Historiquement, l’ornement a souvent été relégué au rang d’élément secondaire, simple parure venant habiller un ensemble plus vaste. Dépourvu d’histoire, hors narration, parfois même hors du temps, il se fait témoin discret de récits grandioses sans jamais occuper le premier plan. Dans la peinture de la Renaissance, par exemple, la nature n’est qu’accessoire : réduite à un rôle ornemental, elle se manifeste sous forme de jardins apprivoisés et artificiels, tandis que la véritable scène se déroule dans un cadre strictement humain.
Le travail d’Hendrik Elías González Nuñez s’emploie à renverser cette séparation entre «humain» et «naturel». Il imagine des univers où les frontières s’effacent, jusqu’à former une seule entité indivisible. Bourgeons, perles, coraux, oiseaux, chauves-souris et autres formes de vie se déploient sur les murs des lieux investis par l’artiste, les transformant en écosystèmes vivants. Dans Paysages Tissés, il compose ainsi un environnement aquatique mêlant vidéo, sculpture et son, pour recréer un monde en perpétuelle métamorphose.

© Julio Artist Run Space
La transformation est sa seule constante. Dans des installations telles que Pilotis ou Papel Cosido 23, des matériaux recyclés — bouteilles, cartons, chutes de papier — trouvent une nouvelle vie. Au-delà de l’engagement écologique et politique, cette réutilisation répond à un geste poétique : faire du rebut une matière prolifique. Même si ces «déchets» ne sont pas toujours visibles dans l’œuvre achevée, ils participent au processus créatif et s’y inscrivent en filigrane. Ce qui est souvent caché ou perçu comme honteux acquiert ainsi une nouvelle forme : l’erreur, ici, a sa place dans l’art.

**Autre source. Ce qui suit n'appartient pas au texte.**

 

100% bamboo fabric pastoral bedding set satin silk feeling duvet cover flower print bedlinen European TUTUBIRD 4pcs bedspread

Cette approche s’inscrit dans une logique décoloniale : il s’agit de revaloriser ce que l’on juge hors norme, et de rendre visible ce que l’histoire a voulu effacer. González Nuñez puise notamment dans les parures traditionnelles des peuples autochtones panaméens, en particulier celles des Guna, communauté amérindienne durement réprimée dans les années 1920. Les formes végétales qu’il coud dans des pièces comme Masque aux perles ou Parure incarnent à la fois le lien de ces peuples avec la nature et la relation intime que l’artiste entretient avec elle. Son travail autour de La Peregrina, perle trouvée dans le golfe du Panamá par un esclave, rappelle l’histoire violente d’un territoire pillé par les empires coloniaux.

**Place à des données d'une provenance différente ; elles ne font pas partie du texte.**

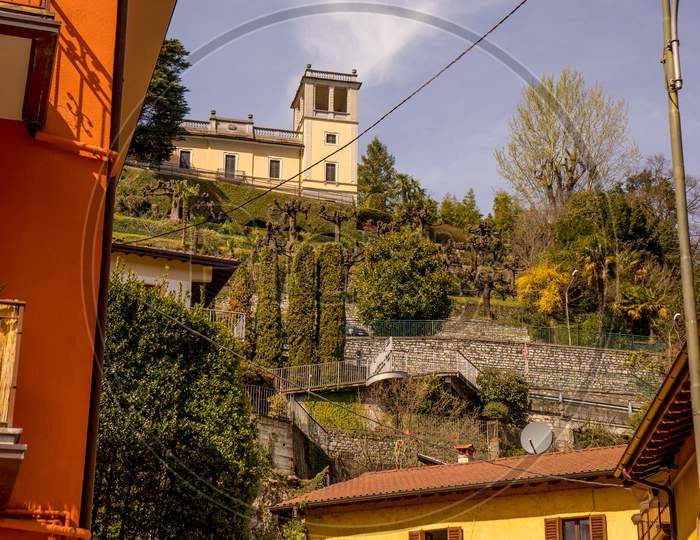 Menaggio, Italy-April 2, 2018: Terraced Houses At Menaggio, Lombardy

Le choix du textile participe également à une remise en question des modèles machistes encore très présents en Amérique Latine. Coudre devient pour lui un acte de réappropriation : il s’en fait une seconde peau, une armure, et réhabilite des savoir-faire souvent marginalisés. Ses œuvres textiles sont des commentaires politiques autant que des objets sensibles.

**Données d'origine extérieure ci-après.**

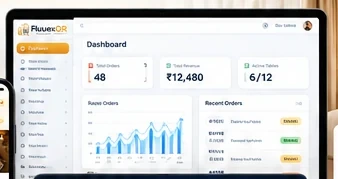 FluuexQR restaurant dashboard on laptop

Les gestes de l’artiste sont empreints de douceur. Pour lui, réparer est un processus lent, exigeant, mais le temps importe peu : il s’agit de recoudre une mémoire fracturée. Le textile lui permet de relier les fragments. Dans Fleur Rouge, perles, rebuts de tissu et broderies s’entrelacent, témoignant de sa capacité à hybrider les matériaux. La couture l’affranchit du cadre rigide de la peinture et lui offre un espace où il peut questionner pleinement l’identité panaméenne. Chaque assemblage devient alors une expérience, un pas vers la restauration des liens entre l’humain, la nature et les autres.